What do you do when your smudge pot dries out?  Do you cry and toss it, or is there a way to save it?


----------



## iheartcolor (Nov 19, 2007)

Hmmmmm....since the Smudgepot seems to be more of a waterproof liner than the Fluidline - I would think that the hairdryer method would ruin it.  I think it may just be time for a new one.  But in that case - you could alway try to add a little water maybe.


----------



## paopao (Dec 25, 2007)

My smudge pots have dried too, but I manage to get some product with the brush if I heat it a bit, putting it near to the light for a few seconds. 

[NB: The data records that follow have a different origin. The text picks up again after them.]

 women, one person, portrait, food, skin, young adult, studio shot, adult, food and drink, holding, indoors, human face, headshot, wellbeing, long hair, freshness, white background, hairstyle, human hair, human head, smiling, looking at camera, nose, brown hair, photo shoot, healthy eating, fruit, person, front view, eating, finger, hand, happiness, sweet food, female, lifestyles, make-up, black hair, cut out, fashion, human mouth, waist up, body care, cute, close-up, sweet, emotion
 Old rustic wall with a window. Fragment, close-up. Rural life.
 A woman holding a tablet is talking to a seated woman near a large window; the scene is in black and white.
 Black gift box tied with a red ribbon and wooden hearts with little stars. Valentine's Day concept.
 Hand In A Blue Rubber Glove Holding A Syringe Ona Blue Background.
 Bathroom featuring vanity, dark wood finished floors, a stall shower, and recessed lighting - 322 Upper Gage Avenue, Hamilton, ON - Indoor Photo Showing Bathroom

BTW, what texture do you prefer, MAC's fluidlines or Stila's smudge pots?


----------



## astronaut (Jan 6, 2008)

Here's a blog written by Kristen of Aromaleigh:
Give your old gel eyeliners a second chance… « Miss K’s Blog
I think it might help. I love Stila's Smudgepots! I really think they are the best gel liners.


----------



## jjjenko (Feb 9, 2009)

I had THOUGHT my smudge pot had dried out, and got really sad. I then took a q-tip and scraped off the top two layers of it, and the texture was like when I first bought it. So try and scrape off a few layers of your smudge pot if you think it's drying out. It's better than tossing it out.


----------



## Chelsssea (Feb 16, 2009)

Quote:

   Originally Posted by *jjjenko* 

 
_I had THOUGHT my smudge pot had dried out, and got really sad. I then took a q-tip and scraped off the top two layers of it, and the texture was like when I first bought it. So try and scrape off a few layers of your smudge pot if you think it's drying out. It's better than tossing it out._

 
That's really interesting! Never heard that. I would but mine in between my hair iron whil my iron was heating up. The pot wa never drectly touching, but it did help for awhile. For now, I've just lst my patience and am using fluidlines. In the future, I will not buy smudgepotsas they dry out SUPER fast compred to fluidlines, but I can make mine semi-usable with heat.


----------